Eğer gazeteci isek işimiz, halkımızı yalan, yanlış ve düzmece haberler ya da akıldışı yorumlarla yanıltmak değil, 'en doğru ve tam bilgiyi en kısa zamanda' duyurarak aydınlatmaktır. Biz de insanız, elbet birilerini daha çok, birilerini daha az seveceğiz, birilerine hem selam hem de oy verirken diğerlerine ne selam ne de oy vereceğiz. Ama asla yalan yazmayacağız, halkın kafasını karıştırmak için aslı astarı olmayan dedikodular üzerinden uyduruk yorumlar yapmaya kalkışmayacağız. Gazetecilikle pazarlamacılık bir arada yürümez.
Akıldışı, gerçekdışı haberler uçuruluyor. Kamuoyunun yakından bildiği isimler kullanılarak hem kamuoyu yanıltılmak isteniyor hem de o isimler yıpratılıyor. Dün bu köşede iki isimden bahsetmiştim, birisi Haluk Koç'tu, diğeri de Hayati Tekin'di. İkisinin de adaylığı asla söz konusu değildi, olmazdı, olamazdı. Birisi siyasete veda hazırlığında, diğeri ise genel merkez yönetimiyle tersti. Ama onları kendi gelecekleri için potansiyel rakip görenler ya da yazacak gerçek haber bulamayanlar spekülasyona devam ediyordu.
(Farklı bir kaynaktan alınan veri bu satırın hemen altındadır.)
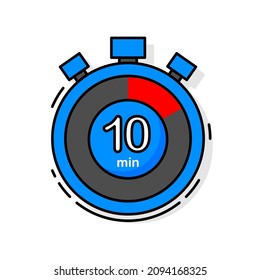 10 Minutes Left. Timer, Clock, Stopwatch Isolated Icon. Note The Cooking Time. Vector Illustration.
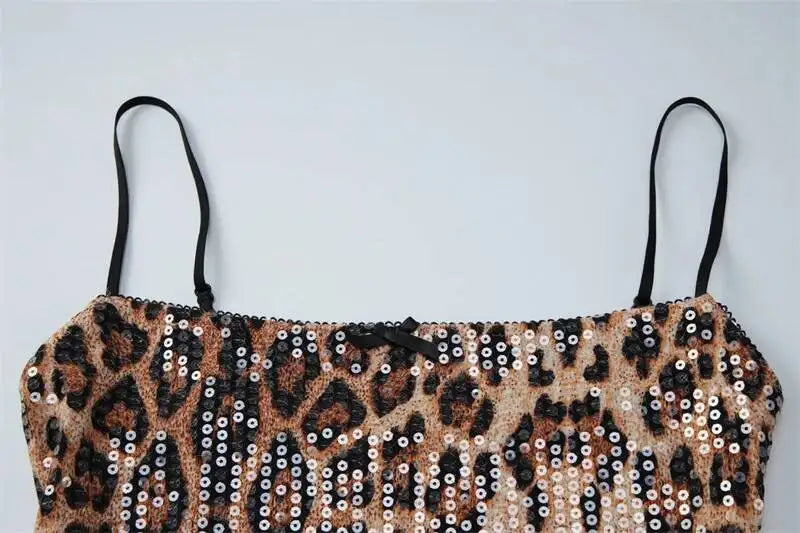 Luciana Leopard Sequin Mini Dress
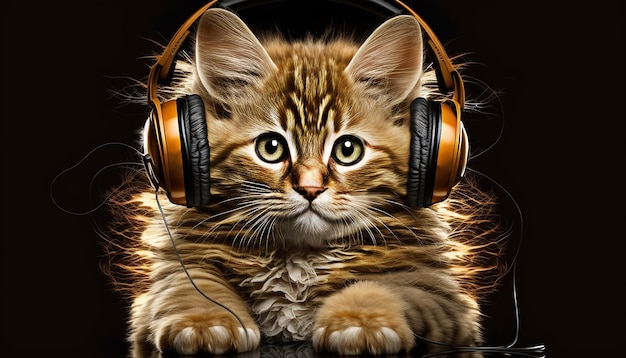 Cat with headphones Generative AI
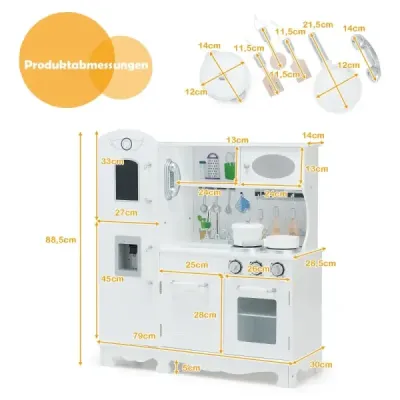 Detská kuchynka s realistickým svetlom a zvukom a príslušenstvom 79 x 30 x 88,5 cm biela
Ben Prof. Dr. Haluk Koç'un aday olmayacağını önceki gün yazmıştım, Haluk Hoca da 'aday olmayacağını' dün açıkladı. Ben 'CHP'de Haluk Koç'un adı ikide bir ortaya atılıyor. Haluk Hoca'nın CHP içindeki konumu ve siyasete nokta koymaya hazırlanmasına rağmen meselenin tekrar tekrar gündeme taşınması düşündürücü. Sanki birileri Haluk Hoca'yı özellikle yıpratmak istiyor' demiştim. Haluk Hoca da 'Son günlerde belediye başkanlığı adaylığı konusunda Ankara, Samsun, son olarak da İzmir için adının geçirildiğinden' bahisle haberleri yalanladı. Hoca'nın açıklamasının tamamını haber sütunlarımızda ıslak imzasıyla bulacaksınız.
Bir diğer yalanlama da adı CHP büyükşehir adayı olarak geçen eski belediye başkanı ve eski milletvekili Hayati Tekin'den geldi. İyi Parti İl Başkanı Av. Recep Güleroğlu'nun 'Hayati Tekin ittifak için ideal adaydır' mealindeki açıklaması üzerine Hayati Tekin, Haber Gazetesi muhabirine 'adaylığının söz konusu olmadığını ve olamayacağını' belitti. Bu konuyu da haber sayfamıza taşıdık.
Aynı hayal mahsulü ve yıpratıcı söylentiler hem Zihni Şahin hem de Osman Genç üzerinden de yayılıyor. Üstelik de 31 Mart seçimlerinde aday olabilmek için yola çıktıkları partilerinin karşısında olacakları söylemiyle. Osman Genç, AK Parti'nin sonradan olma mensubu değildir, o toprakların, o iklimin, o hava ve suyun koynunda büyümüştür. Kızabilir, hem de çok kızabilir ama partisinin karşısına geçmez. Bunu ondan beklemek ona dostluk değil hakarettir.
Aynı şey Zihni Şahin için de geçerlidir. Onun boy attığı toprak başka olsa da Zihni Şahin karakteri 'sırf aday gösterilmediği' için partisinin karşısına geçmesine izin vermez. Esaslı fikir ayrılıkları doğarsa, onuruyla oynanırsa bir an bile durmaz belki ama asla makam ve mevki gerekçesiyle böyle bir yola sapmaz. Bir de şu var: Olmayacak duaya da amin demez.